_DATA RECORDS:_
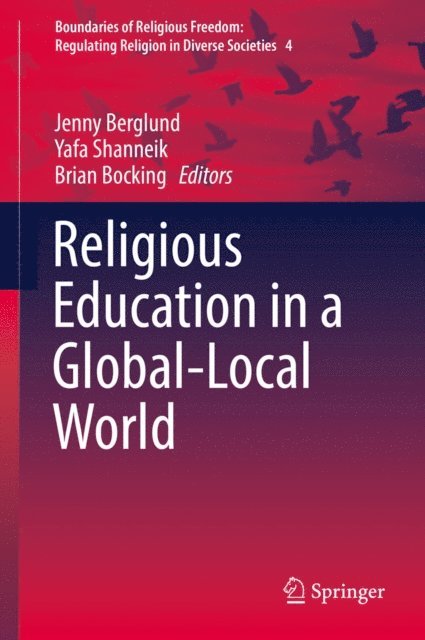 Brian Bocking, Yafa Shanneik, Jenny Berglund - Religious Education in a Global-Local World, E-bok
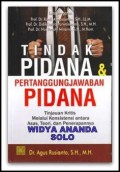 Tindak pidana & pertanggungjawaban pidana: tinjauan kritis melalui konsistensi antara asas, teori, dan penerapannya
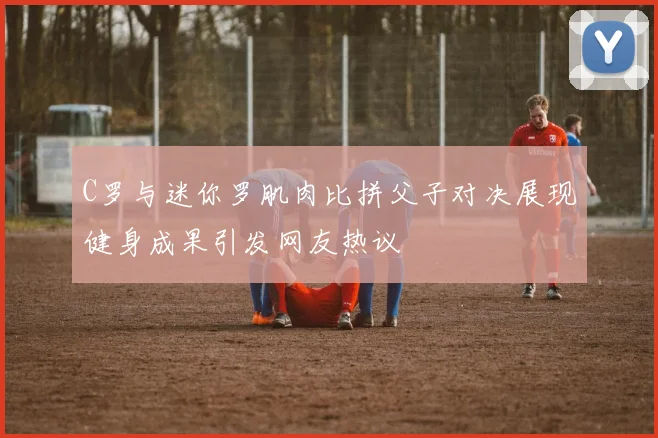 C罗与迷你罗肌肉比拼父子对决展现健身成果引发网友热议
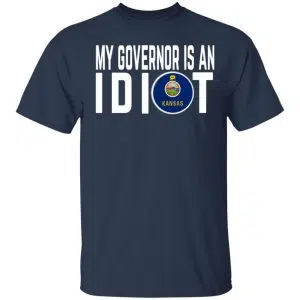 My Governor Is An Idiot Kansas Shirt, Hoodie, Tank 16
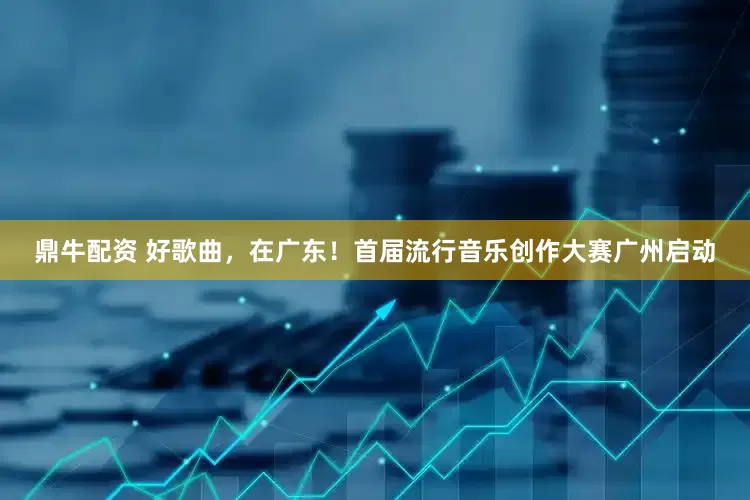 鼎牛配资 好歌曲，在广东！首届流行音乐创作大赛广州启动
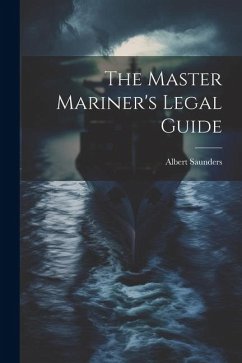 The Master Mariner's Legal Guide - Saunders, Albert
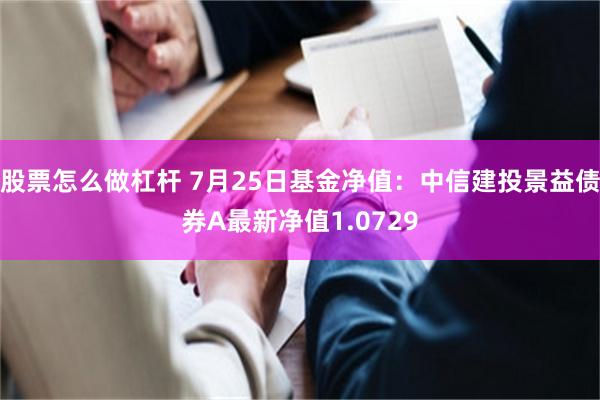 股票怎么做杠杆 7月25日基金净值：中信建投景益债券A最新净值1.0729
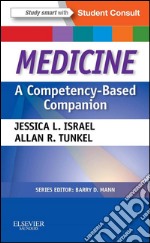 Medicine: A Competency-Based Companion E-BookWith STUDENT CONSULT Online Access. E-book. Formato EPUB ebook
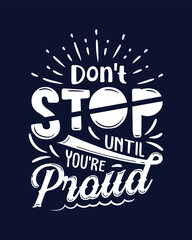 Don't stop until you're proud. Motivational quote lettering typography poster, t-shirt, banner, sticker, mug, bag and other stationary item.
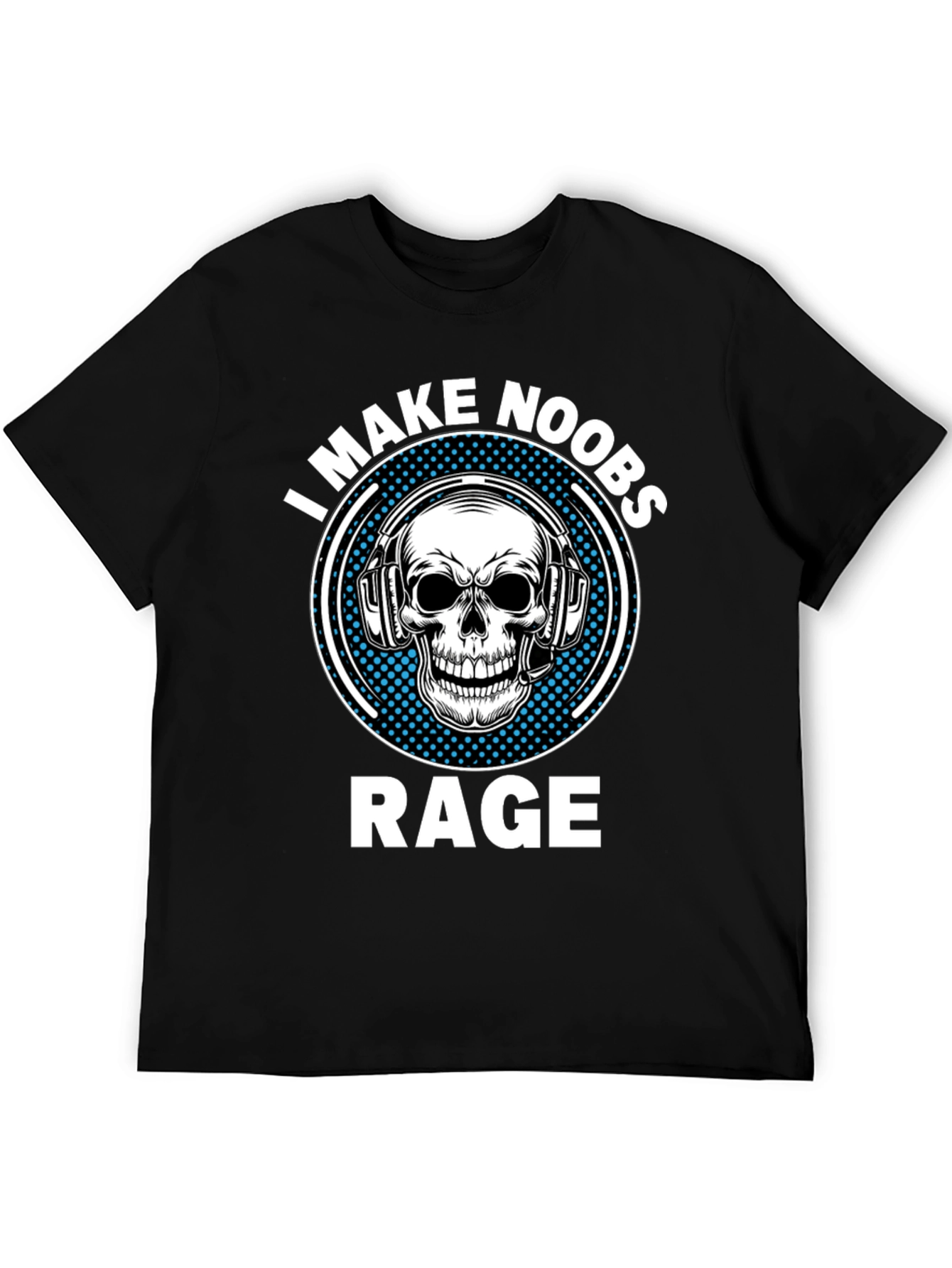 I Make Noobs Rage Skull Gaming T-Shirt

_PROBLEM TO WORK ON:_
From the line containing "Don't stop until" through the end of the entries, quote each line exactly and nothing else, excluding all pictures.

_RESPONSE BELOW:_
 Don't stop until you're proud. Motivational quote lettering typography poster, t-shirt, banner, sticker, mug, bag and other stationary item.
 I Make Noobs Rage Skull Gaming T-Shirt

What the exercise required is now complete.